Political conditions suggest a three-way alliance as an alternative to the Grand Coalition on the federal level. In that respect, the parliamentary faction leaders’ coy winks at the FDP are a pure and simple necessity. The Greens’ relationship with the FDP was shaped for far too long by irrational animosities stemming from the personal aversion between Westerwelle and Fischer.

The Greens could be pioneers on the road to new majority constellations. Could be. At the moment, it doesn’t look that way. Within the party, events are dictated by mistrust. There is winking and blinking in a lot of directions. And some things suggest that overdue clarifications will lead to new-old party infighting. The question of strategic positioning has become one of internal power struggles. There are good people. But no one seems to be strong enough to assume leadership.
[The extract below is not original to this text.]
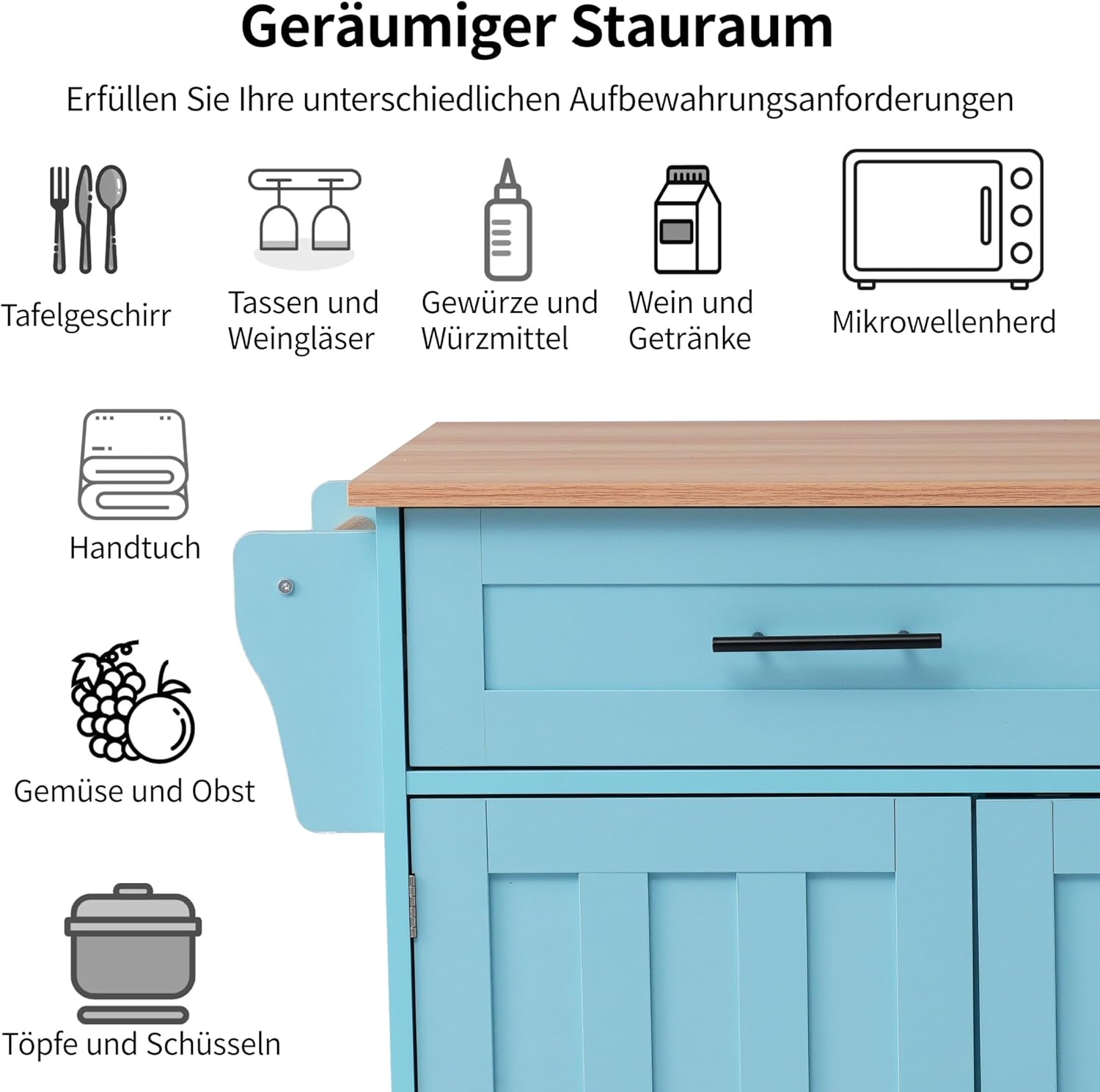 Desserte îlot de cuisine sur roulettes - 129x71x91,5 cm - plans rabattables, 2 tiroirs, 3 portes, bleu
The party cannot afford such intrigues, and even the young people who turned out in droves for the recent “Congress on Future Perspectives”* have different expectations: about how the party wants to shape the future, for example. The agenda of past years – from gay marriage to citizenship rights – has largely been implemented. This urban middle-class party is not really well suited to being society’s “social conscience.” Its top leaders are not very sensitive to the plight of a nurse or a mechanic. So what lies ahead? When the weekly newspaper Die Zeit recently referred to the “return of ecology,” it was not talking about the Greens. Why should it? The issue of ecology is being lifted out of party politics. It has become too important. The world is waking up. Climate change is advancing and is becoming an existential as well as an economic challenge.

The [Greens’] virtual suppression of the generational shift after the Bundestag elections is slowly becoming a burden for the party. It is ironic that the very party that attaches such importance to having a youthful appearance should mistrust young people when it comes to power. The founding generation is stubbornly clinging to key leadership positions as though the idea were to protect private property from gold diggers. How long the interregnum will persist depends on the outcome of the next Bundestag elections. Then the Greens will have to put their cards on the table once and for all. By the way: the sculpture on the mantelpiece in Berlin’s Grunewald was a present from the Greens to their parliamentary faction leader on his fiftieth birthday. That person was Joschka Fischer.



* The “Congress on Future Perspectives: How Do We Reach Tomorrow?” [“Zukunftskongress: Wie geht’s nach Morgen?”] took place on September 1-3, 2006, in Berlin – eds.